> [Work to complete]:
Tally every line in the entries below that holds "Western", then give only the total.

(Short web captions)
┌──

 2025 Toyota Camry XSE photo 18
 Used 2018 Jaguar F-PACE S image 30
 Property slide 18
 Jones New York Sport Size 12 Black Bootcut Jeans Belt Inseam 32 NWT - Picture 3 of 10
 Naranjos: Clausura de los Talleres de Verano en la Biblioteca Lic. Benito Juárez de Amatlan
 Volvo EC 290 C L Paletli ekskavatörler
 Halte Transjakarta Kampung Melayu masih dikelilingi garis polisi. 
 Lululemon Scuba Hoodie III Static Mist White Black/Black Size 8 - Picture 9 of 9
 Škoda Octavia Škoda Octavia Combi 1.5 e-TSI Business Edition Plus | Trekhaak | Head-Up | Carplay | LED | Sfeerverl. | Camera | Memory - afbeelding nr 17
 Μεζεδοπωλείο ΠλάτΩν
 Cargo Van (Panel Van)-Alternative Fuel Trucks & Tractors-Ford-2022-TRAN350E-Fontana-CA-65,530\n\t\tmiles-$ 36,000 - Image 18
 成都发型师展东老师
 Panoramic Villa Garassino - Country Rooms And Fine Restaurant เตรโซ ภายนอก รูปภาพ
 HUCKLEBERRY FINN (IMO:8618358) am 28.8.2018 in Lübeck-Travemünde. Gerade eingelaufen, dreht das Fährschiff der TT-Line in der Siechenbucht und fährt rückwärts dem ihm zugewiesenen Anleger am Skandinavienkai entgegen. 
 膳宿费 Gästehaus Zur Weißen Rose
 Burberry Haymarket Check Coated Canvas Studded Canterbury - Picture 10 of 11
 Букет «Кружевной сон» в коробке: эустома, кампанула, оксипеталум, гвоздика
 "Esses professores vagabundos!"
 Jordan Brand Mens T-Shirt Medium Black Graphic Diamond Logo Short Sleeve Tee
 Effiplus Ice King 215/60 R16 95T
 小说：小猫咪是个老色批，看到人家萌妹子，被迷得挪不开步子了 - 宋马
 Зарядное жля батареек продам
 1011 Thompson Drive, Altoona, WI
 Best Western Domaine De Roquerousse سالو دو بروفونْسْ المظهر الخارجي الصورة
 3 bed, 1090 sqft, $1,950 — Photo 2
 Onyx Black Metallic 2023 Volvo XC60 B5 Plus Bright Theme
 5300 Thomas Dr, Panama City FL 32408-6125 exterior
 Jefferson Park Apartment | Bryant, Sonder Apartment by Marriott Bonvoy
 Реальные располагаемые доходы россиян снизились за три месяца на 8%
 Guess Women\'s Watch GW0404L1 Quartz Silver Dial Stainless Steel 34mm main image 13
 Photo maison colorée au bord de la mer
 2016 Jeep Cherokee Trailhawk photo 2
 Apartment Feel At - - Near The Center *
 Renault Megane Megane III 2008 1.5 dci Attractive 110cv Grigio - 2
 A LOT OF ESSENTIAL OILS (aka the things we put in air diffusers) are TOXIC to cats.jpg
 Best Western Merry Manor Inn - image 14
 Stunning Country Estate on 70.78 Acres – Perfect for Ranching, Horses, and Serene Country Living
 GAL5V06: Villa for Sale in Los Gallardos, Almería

└──

> [Reply]:
2